* EXERCISE *
Omit the pictures. Print each entry below exactly.

* SUPPLIED INFORMATION *
______________________________

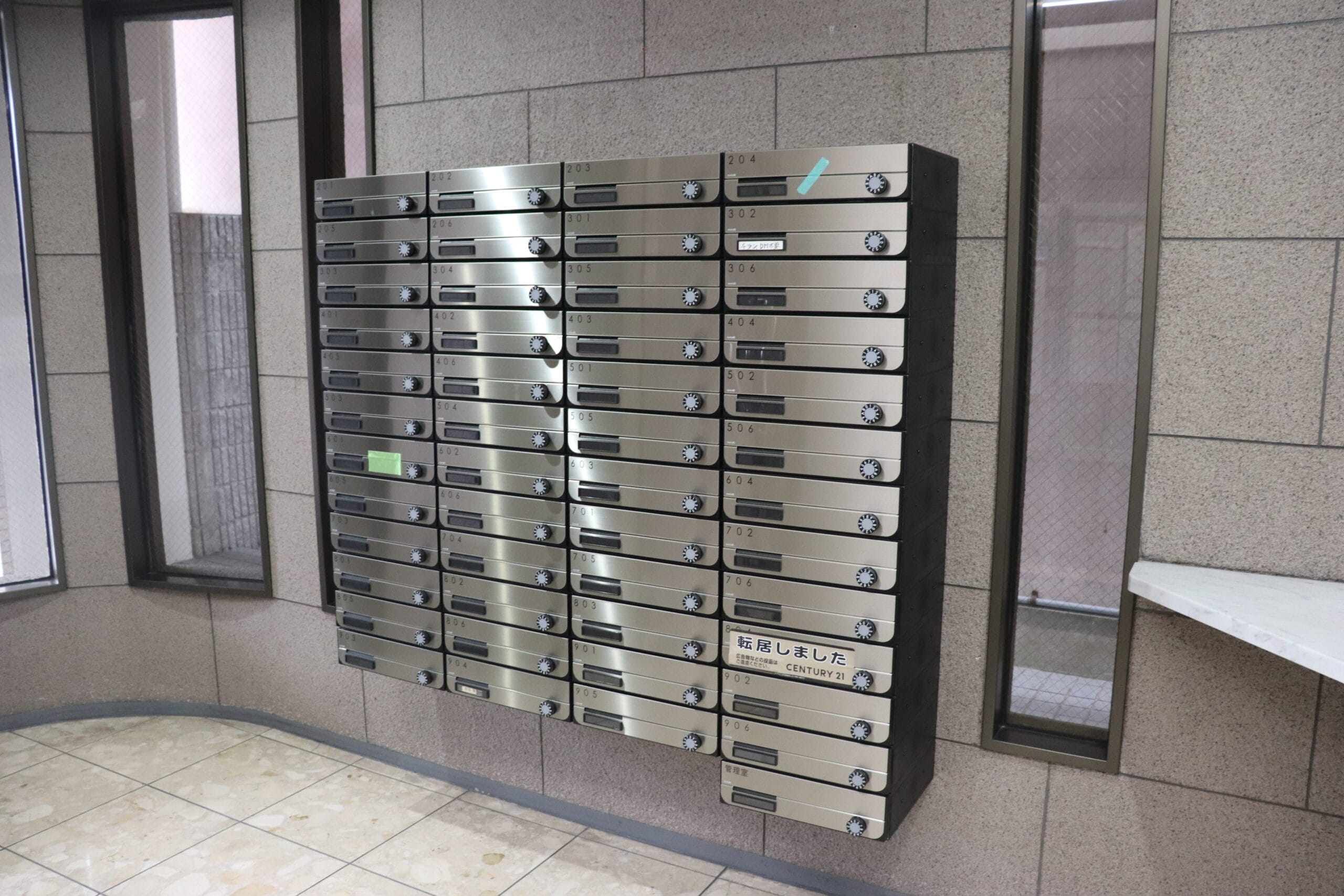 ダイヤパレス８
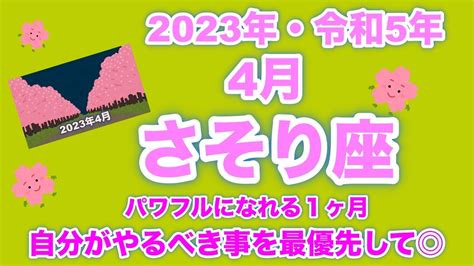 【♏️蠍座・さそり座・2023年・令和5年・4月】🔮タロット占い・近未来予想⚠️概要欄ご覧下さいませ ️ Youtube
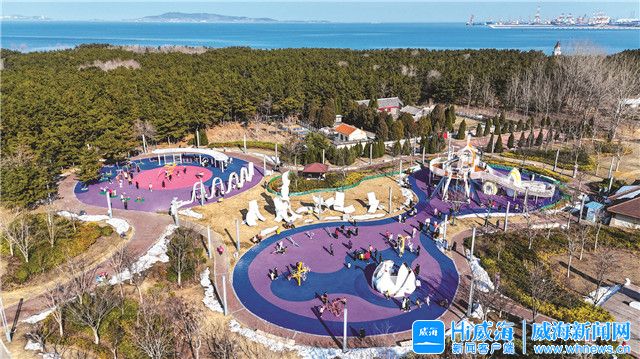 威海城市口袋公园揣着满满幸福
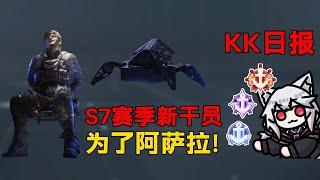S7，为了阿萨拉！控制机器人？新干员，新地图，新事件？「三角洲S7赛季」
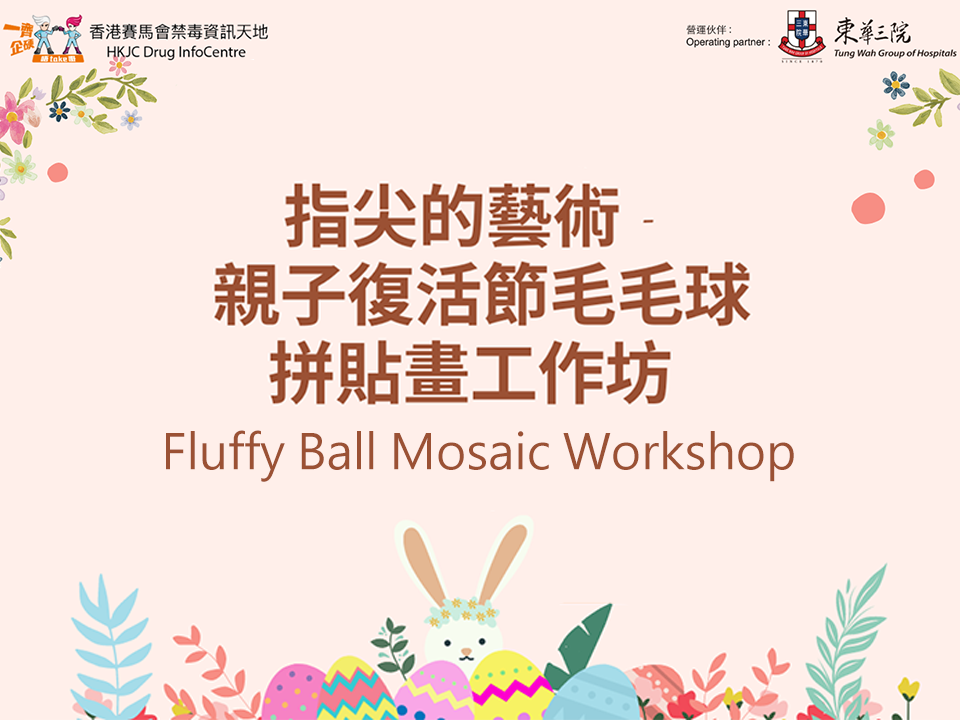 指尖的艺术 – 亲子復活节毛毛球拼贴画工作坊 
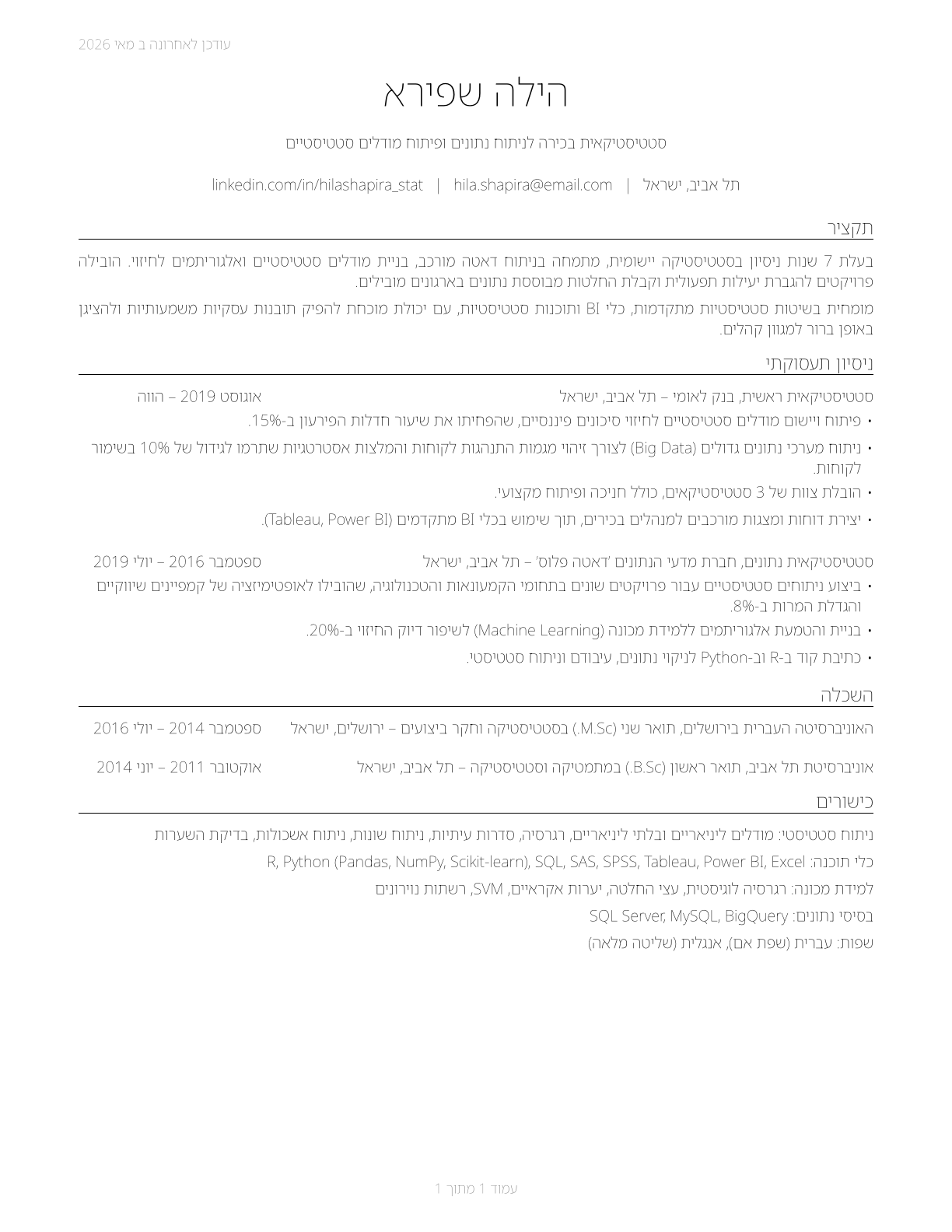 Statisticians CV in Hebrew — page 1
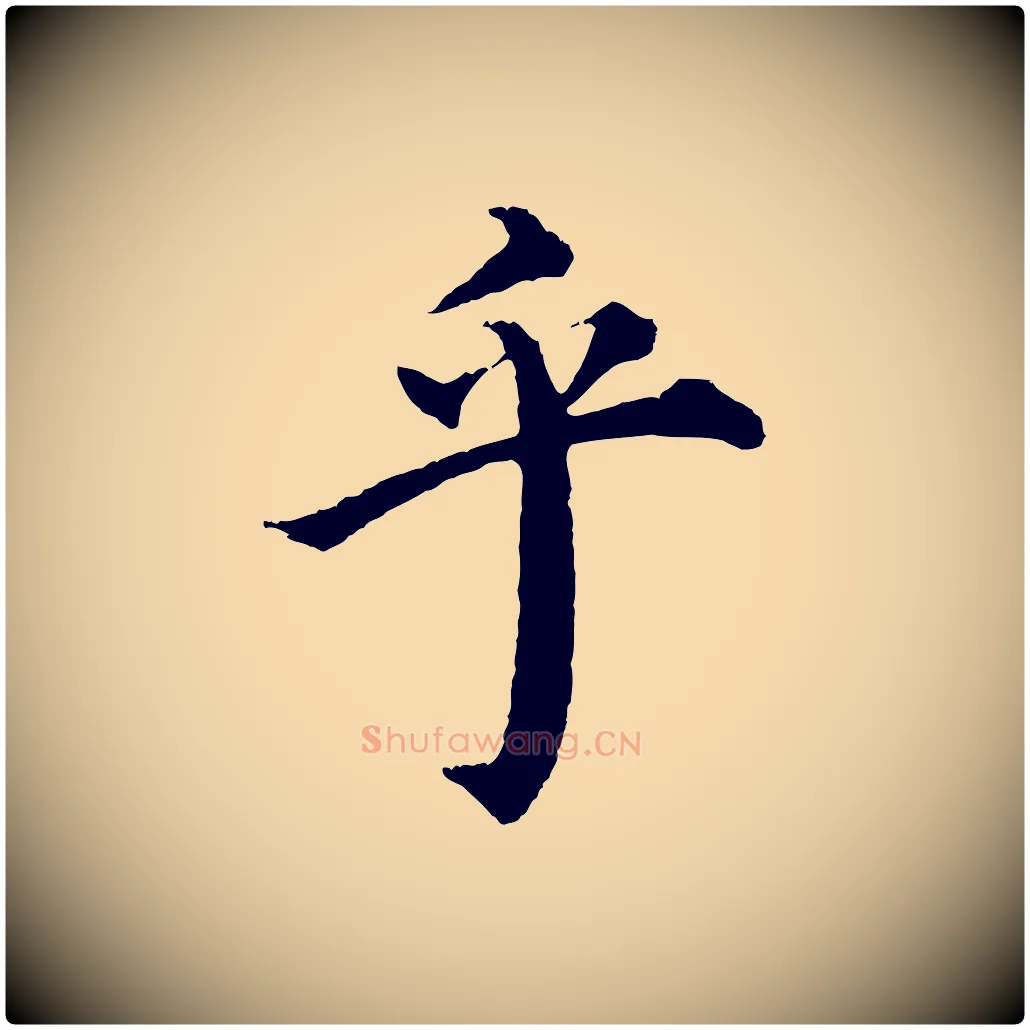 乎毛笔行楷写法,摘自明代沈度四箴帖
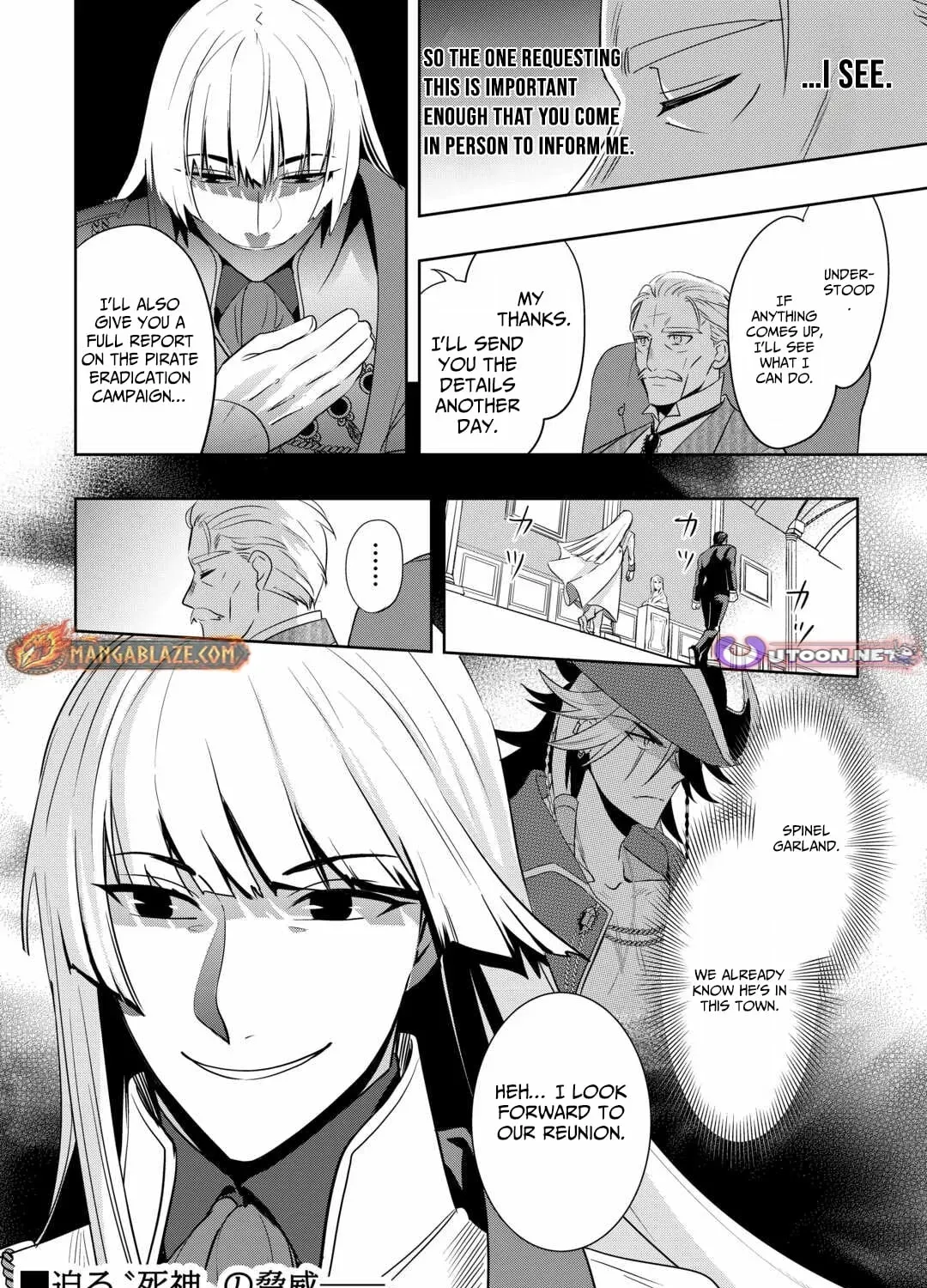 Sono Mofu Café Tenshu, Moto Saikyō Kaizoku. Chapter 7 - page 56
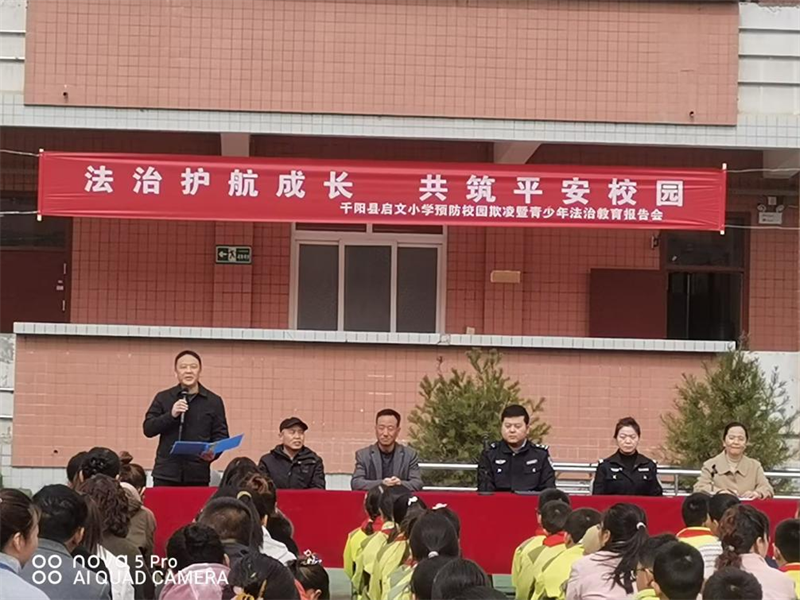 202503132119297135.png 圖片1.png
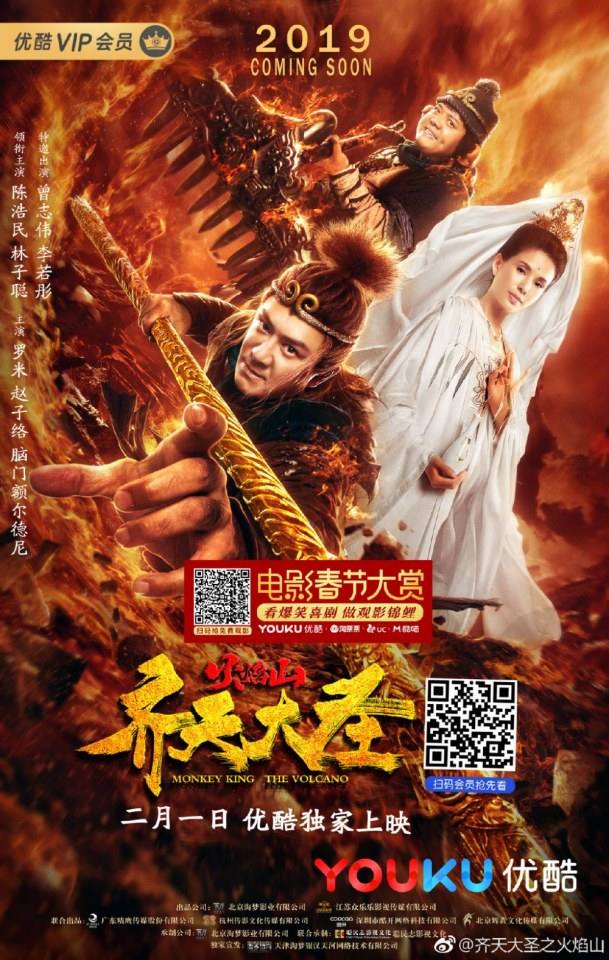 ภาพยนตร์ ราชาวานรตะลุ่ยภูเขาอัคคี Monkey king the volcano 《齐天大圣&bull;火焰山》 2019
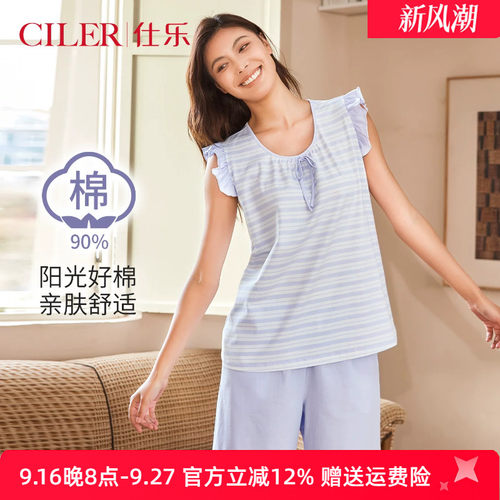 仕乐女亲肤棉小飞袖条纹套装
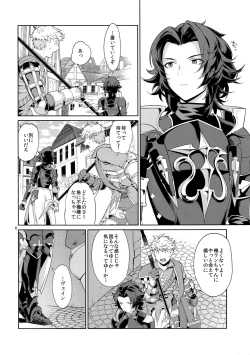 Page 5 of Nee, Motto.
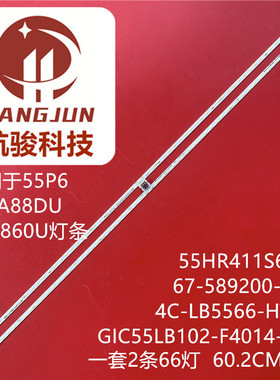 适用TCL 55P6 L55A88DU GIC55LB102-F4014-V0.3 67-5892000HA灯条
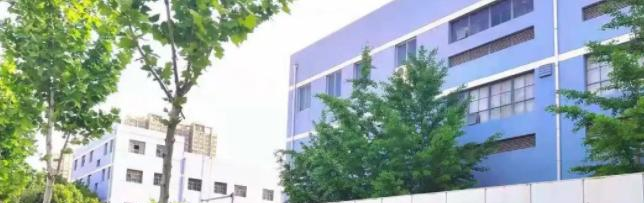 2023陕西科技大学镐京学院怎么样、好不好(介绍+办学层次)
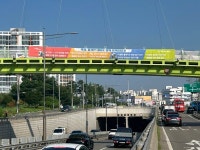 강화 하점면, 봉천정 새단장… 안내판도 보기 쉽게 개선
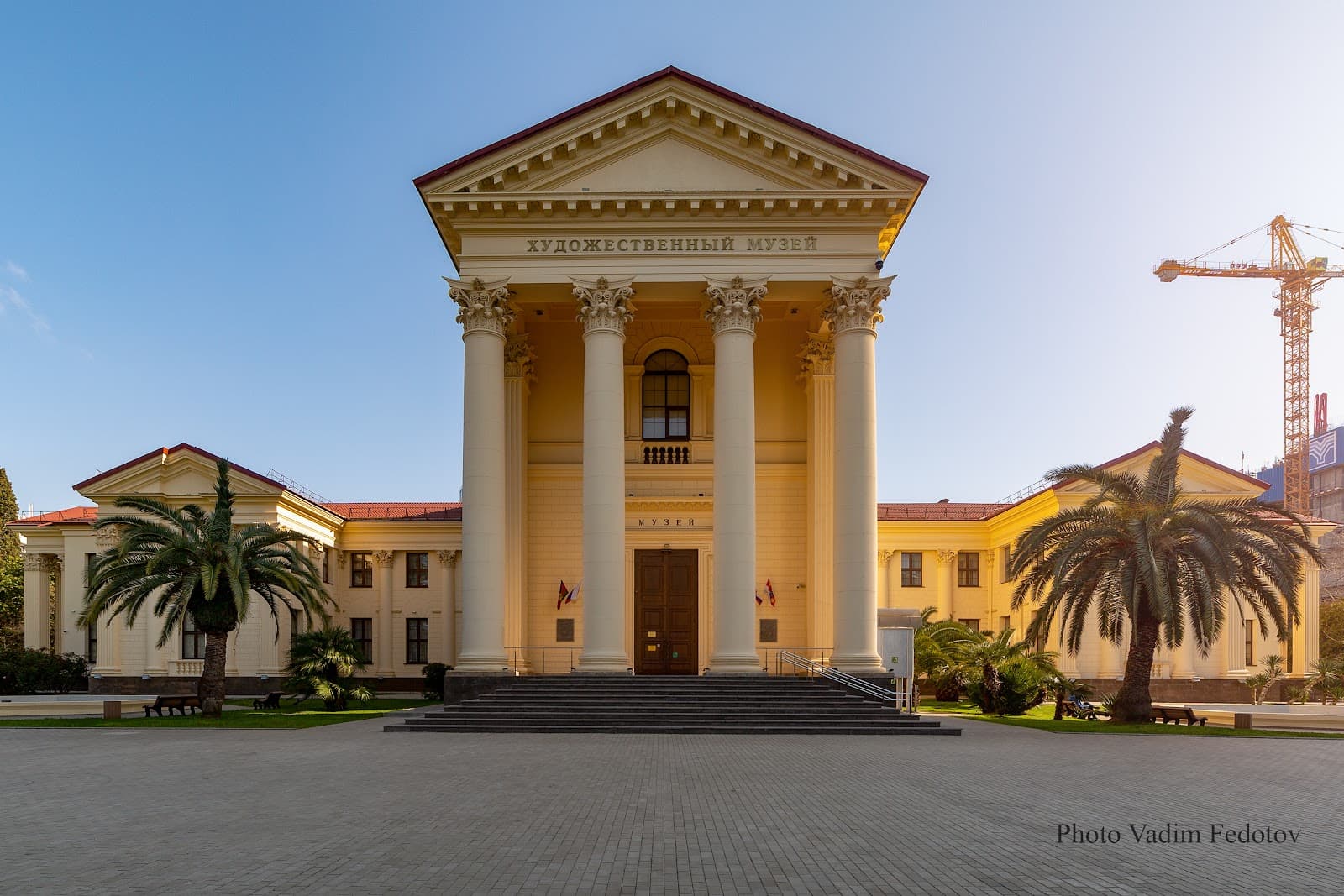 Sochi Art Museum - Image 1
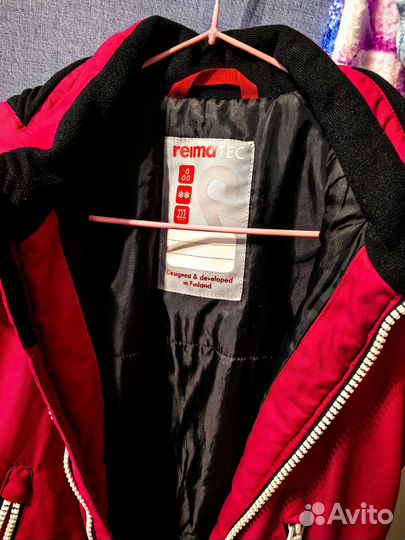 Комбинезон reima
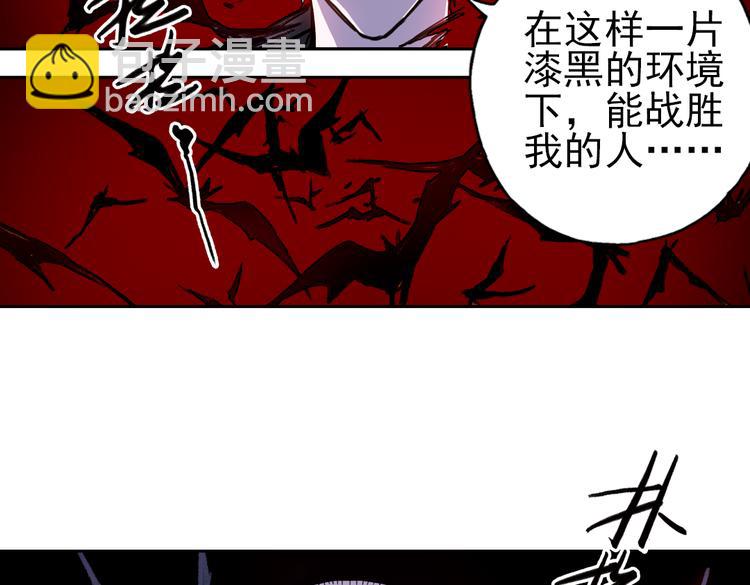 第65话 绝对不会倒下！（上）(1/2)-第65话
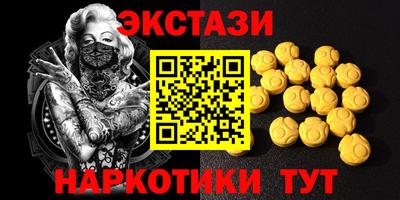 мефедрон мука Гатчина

______________________________

* WRITTEN SOLUTION *
 ダイヤパレス８
 【♏️蠍座・さそり座・2023年・令和5年・4月】🔮タロット占い・近未来予想⚠️概要欄ご覧下さいませ ️ Youtube
 威海城市口袋公园揣着满满幸福
S7，为了阿萨拉！控制机器人？新干员，新地图，新事件？「三角洲S7赛季」
 指尖的艺术 – 亲子復活节毛毛球拼贴画工作坊 
 Statisticians CV in Hebrew — page 1
 乎毛笔行楷写法,摘自明代沈度四箴帖
 Sono Mofu Café Tenshu, Moto Saikyō Kaizoku. Chapter 7 - page 56
 202503132119297135.png 圖片1.png
 ภาพยนตร์ ราชาวานรตะลุ่ยภูเขาอัคคี Monkey king the volcano 《齐天大圣&bull;火焰山》 2019
 仕乐女亲肤棉小飞袖条纹套装
 Page 5 of Nee, Motto.
 适用TCL 55P6 L55A88DU GIC55LB102-F4014-V0.3 67-5892000HA灯条
 2023陕西科技大学镐京学院怎么样、好不好(介绍+办学层次)
 강화 하점면, 봉천정 새단장… 안내판도 보기 쉽게 개선
 Sochi Art Museum - Image 1
 Комбинезон reima
 第65话 绝对不会倒下！（上）(1/2)-第65话
 мефедрон мука Гатчина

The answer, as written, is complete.